From   "Schaffer, Mark E" <[email protected]>
To   <[email protected]>
Subject   st: RE: Re: RE: Fixed-effects, unbalanced panel and time-invariant variable
Date   Thu, 19 Oct 2006 14:24:36 +0100

Barbara, 
 
I think the problem you face comes down to the implication of failing
the Hausman fe-vs.-re test.

The FE estimator uses only the orthogonality conditions that the
regressors are uncorrelated with the idiosyncratic error e_ij.

The RE estimator uses these, plus the orthogonality condition that the
regressors are also uncorrelated with the shared group error u_j.

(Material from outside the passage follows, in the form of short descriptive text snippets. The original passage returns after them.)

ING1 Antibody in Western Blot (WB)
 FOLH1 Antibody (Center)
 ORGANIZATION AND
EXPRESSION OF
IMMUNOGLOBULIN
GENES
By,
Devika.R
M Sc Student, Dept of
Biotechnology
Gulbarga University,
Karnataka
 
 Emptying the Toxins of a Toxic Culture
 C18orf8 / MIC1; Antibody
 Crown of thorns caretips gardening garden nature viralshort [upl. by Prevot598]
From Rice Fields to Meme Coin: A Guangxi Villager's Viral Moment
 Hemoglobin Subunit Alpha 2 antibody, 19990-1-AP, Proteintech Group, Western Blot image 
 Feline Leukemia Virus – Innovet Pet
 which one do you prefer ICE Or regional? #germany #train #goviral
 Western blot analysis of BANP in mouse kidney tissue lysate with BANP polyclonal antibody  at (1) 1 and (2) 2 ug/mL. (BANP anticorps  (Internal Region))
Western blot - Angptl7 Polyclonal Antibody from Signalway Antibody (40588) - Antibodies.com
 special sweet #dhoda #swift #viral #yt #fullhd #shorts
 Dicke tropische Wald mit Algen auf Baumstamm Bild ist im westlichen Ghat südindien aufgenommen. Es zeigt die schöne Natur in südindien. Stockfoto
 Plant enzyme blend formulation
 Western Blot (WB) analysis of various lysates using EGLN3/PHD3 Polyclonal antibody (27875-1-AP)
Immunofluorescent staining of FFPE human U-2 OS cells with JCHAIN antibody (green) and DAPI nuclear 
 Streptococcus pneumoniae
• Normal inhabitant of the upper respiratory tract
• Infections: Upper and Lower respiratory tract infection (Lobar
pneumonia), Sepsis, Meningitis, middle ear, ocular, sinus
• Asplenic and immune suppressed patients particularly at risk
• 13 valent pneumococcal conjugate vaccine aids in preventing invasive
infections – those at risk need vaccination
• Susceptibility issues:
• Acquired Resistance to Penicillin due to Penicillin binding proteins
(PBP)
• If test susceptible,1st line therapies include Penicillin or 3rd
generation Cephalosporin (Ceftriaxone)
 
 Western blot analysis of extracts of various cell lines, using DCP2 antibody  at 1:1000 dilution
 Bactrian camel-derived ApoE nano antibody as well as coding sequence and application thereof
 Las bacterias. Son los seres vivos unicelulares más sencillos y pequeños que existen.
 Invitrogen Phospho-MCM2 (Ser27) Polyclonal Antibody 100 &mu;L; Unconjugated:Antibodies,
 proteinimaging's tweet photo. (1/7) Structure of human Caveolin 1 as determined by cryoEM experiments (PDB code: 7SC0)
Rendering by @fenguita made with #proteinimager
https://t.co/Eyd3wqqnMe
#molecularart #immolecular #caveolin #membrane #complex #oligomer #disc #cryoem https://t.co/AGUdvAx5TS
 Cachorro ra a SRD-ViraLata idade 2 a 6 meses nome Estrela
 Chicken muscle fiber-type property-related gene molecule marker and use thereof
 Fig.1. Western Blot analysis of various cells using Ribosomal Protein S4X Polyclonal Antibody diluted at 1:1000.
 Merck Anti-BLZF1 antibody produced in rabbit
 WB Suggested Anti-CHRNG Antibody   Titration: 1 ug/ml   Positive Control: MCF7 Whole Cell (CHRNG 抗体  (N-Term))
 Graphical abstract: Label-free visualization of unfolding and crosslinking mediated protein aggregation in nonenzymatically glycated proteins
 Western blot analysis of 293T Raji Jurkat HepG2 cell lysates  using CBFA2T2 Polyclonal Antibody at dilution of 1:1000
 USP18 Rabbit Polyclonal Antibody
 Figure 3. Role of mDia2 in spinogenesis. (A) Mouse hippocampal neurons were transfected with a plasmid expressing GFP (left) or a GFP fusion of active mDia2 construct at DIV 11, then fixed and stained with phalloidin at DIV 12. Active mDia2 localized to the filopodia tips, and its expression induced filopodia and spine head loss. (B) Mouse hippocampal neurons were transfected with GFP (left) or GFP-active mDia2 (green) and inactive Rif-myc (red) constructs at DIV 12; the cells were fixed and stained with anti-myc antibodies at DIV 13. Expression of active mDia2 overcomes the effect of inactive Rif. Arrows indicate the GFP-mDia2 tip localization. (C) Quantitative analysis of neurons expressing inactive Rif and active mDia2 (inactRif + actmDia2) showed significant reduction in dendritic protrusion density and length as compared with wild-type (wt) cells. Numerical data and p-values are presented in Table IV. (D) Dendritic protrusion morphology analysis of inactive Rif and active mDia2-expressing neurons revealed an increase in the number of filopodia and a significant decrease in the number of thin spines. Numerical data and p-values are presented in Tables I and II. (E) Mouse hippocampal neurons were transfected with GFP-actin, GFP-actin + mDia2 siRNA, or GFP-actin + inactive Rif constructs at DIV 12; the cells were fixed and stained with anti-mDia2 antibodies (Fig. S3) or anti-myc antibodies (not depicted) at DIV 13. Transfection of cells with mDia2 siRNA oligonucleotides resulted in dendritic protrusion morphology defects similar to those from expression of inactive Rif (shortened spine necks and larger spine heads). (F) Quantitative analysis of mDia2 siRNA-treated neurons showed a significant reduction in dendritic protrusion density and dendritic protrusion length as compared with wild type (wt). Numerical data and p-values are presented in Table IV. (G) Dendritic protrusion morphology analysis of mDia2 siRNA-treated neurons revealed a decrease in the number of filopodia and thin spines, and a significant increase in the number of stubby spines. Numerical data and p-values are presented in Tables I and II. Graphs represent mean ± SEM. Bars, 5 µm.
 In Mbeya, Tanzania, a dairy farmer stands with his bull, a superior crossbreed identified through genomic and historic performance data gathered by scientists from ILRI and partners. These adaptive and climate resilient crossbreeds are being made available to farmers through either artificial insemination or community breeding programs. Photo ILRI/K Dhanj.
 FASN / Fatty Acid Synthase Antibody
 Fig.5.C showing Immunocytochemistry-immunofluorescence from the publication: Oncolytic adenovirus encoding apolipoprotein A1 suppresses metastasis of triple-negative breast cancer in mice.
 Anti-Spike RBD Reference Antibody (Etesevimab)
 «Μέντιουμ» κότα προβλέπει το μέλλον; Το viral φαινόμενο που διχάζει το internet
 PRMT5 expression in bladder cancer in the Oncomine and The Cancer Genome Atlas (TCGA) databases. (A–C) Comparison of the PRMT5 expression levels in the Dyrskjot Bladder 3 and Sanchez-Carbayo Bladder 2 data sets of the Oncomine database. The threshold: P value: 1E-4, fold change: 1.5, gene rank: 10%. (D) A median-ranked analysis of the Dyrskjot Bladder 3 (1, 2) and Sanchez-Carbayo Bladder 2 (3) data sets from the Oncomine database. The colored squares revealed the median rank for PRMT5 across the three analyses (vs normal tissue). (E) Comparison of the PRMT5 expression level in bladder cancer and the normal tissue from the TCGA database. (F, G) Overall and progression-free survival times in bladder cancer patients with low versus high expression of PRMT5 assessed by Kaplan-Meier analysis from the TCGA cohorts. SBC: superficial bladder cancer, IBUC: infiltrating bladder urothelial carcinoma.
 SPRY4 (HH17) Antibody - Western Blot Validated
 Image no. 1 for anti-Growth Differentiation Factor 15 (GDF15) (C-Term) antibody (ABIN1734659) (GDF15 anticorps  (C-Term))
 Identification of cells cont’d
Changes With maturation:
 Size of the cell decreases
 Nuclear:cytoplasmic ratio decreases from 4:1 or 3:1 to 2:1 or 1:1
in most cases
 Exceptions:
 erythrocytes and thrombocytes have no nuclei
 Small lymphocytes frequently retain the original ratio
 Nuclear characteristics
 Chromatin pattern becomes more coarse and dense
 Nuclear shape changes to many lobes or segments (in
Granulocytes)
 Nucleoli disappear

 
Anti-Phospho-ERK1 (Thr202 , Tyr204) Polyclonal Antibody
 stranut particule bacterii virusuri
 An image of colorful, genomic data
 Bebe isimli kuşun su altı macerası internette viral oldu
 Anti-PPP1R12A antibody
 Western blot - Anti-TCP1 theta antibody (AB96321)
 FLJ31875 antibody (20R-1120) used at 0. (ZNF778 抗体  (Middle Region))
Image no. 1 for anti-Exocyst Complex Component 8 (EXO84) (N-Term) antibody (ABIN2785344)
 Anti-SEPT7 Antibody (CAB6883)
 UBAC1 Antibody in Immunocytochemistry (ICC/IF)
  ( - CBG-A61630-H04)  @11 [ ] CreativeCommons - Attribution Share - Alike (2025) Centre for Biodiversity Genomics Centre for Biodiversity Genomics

The null of the Hausman test is that both sets of orthogonality
conditions are valid.  The usual interpretation of a failure of the
Hausman test is that the regressors are uncorrelated with e_ij
(maintained under the null and alternative) but correlated with u_j
(used by RE).

The FE estimator is able to get consistent estimates for coeffs on
time-varying variables because the within transformation wipes out the
u_j, but of course this also wipes out the time-invariant variables.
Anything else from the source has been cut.